GDPR

Understanding consent under the GDPR

Our personal data enables us who we are as a person establishing its relational value. It has immense economic value being the most valuable asset in this digital age and an individual’s data, when bundled into a data set, provides insights and analytics that are useful for collective interest, hence it creates collective value for society. However, Tech companies are quite disreputable for unethically using, selling, reselling and trading individuals’ data without them knowing for pure profit-making purpose violating fundamental human rights- Privacy and Data Protection. To safeguard these basic essences of humanity, under article 22 of GDPR, automated data processing can be challenged by data subjects if the automated decision impacts them negatively,i.e., legally or significantly. However, there are three exemptions.

  • Essential nature: If the data processing is vital to perform a legal agreement task
  • Bounded by the law of the land: If the authorities legally approve the data processing and this is for the common good/ welfare of the nation. Also, the data subject is adequately protected with appropriate measures.
  • Explicit Consent: If the data processing is the result of the data subject’s unambiguous consent.

Therefore, personal data processing is strictly prohibited unless it is expressly allowed by law, or the data subject has consented to the processing. The GDPR is based on the fundamental principle of consent, and it places the highest standard for consent, providing people with true discretion and power. Genuine consent should empower individuals, build trust and engagement. Under article 7 of the GDPR Conditions of Consent, the data subjects are asked for their consent by providing information to help them understand the question and its implications to make a very well-informed decision. Consent is described in Article 4 of the GDPR as “any freely given, specific, informed and unambiguous […] clear affirmative action” through which an individual gives permission for their personal data to be handled in a specific way. That can be broken down into five components:

  1. Freely granted – the individual must not be coerced into giving consent or face any consequences if they do not.
  2. Specific – Individual must be asked to provide free consent to each individual forms of data processing.
  3. Informed – the individual must be made conscious of what they are committing to.
  4. Unambiguous – language must be clear and simple.
  5. A clear affirmative action is required – the individual must explicitly agree by doing or saying something.

Example 1:

The consent notice has failed to comply with the GDPR’s requirements on consent.

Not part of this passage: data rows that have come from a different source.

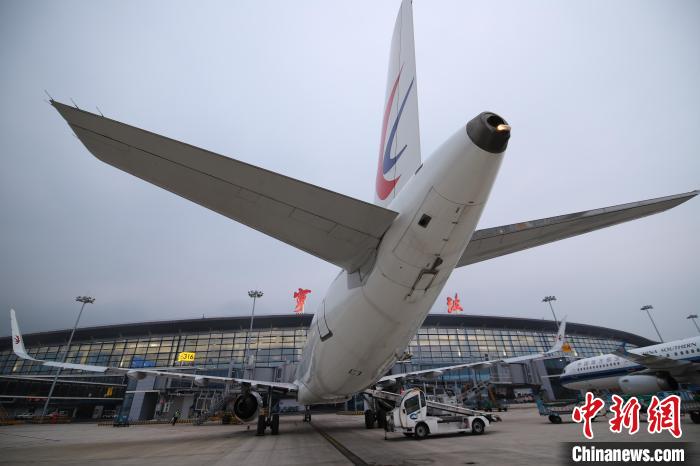 宁波机场东航航班。 柴应科 摄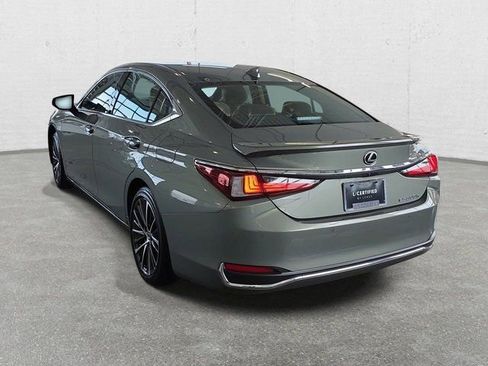 Certified 2025 Lexus ES 300h w/ Premium Package image 7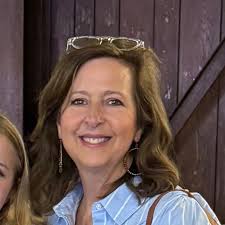 How long does the December graduation ceremony typically last?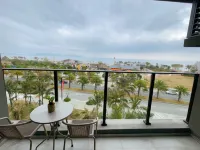 Poly Jinluwan Natural Seaview Apartment - Kitchens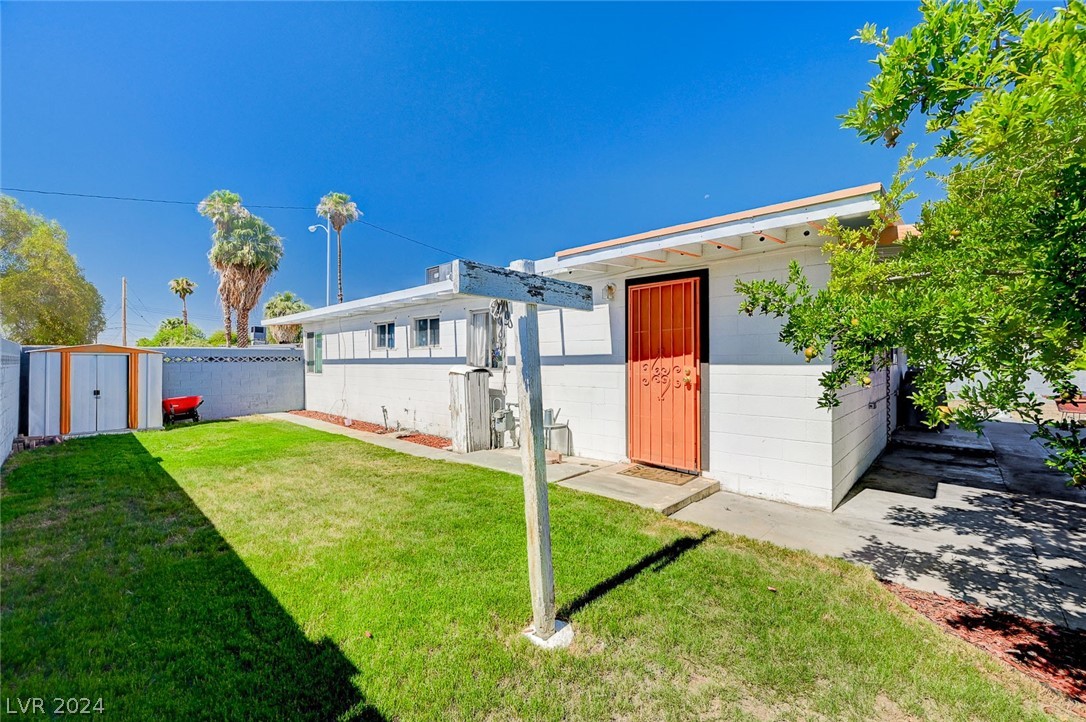1584 La Jolla Avenue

  1. Freely given: Pre-ticked box confirms that you are not free at your consent will. The notice is pressurising you to select some of the boxes.
  2. Specific: The company might send you other types of communication and claim that you only unsubscribed newsletter, special deals, industry news and quarterly account updates.
  3. Informed: Here in this case, you are not much informed about the kind of communications you are subscribing.
  4. Unambiguous: It is not clear if they have any other forms of marketing communication that by default you are subscribing to, you only know that you are rejecting these 4 options.
  5. Clear affirmative action: This is also not fulfilled as there is no clear statement (For example, I do understand and provide my consent to process my personal data for special deals).

Example 2:

The example is not even asking for your consent. If you want to use their website, you by default have to accept the Cookies and Privacy notice. Under the five elements of the GDPR consent, you are not freely giving your consent rather the notice is pressurising you to do so. It is violating the key founding principle to gain consent via a clear affirmative statement. For example, I do understand and accept the use of cookies. Also, this notice is not unambiguous(you have no information regarding the company’s cookies & privacy policy). Therefore, it is not complying with the GDPR requirements.

This implies that the consent necessitates a positive opt-in. That prohibits to use of pre-ticked boxes or some other means of gaining approval by default. Explicit consent necessitates a very precise and explicit declaration of consent. Your consent or permission to process your personal data under GDPR is distinct from any other terms and conditions. Consent notice is very specific, and you require to provide separate consent for separate things. Each notice is descriptive and succinct, provides the names of any third-party controllers who will depend on the permission. The regulation makes it easy for people to withdraw consent, requiring data collectors to provide a clear guideline on how to withdraw any consent. Consent should be reviewed on a regular basis and refreshed if anything changes by both parties.  If all of these five elements are absent, you do not have consent under the GDPR.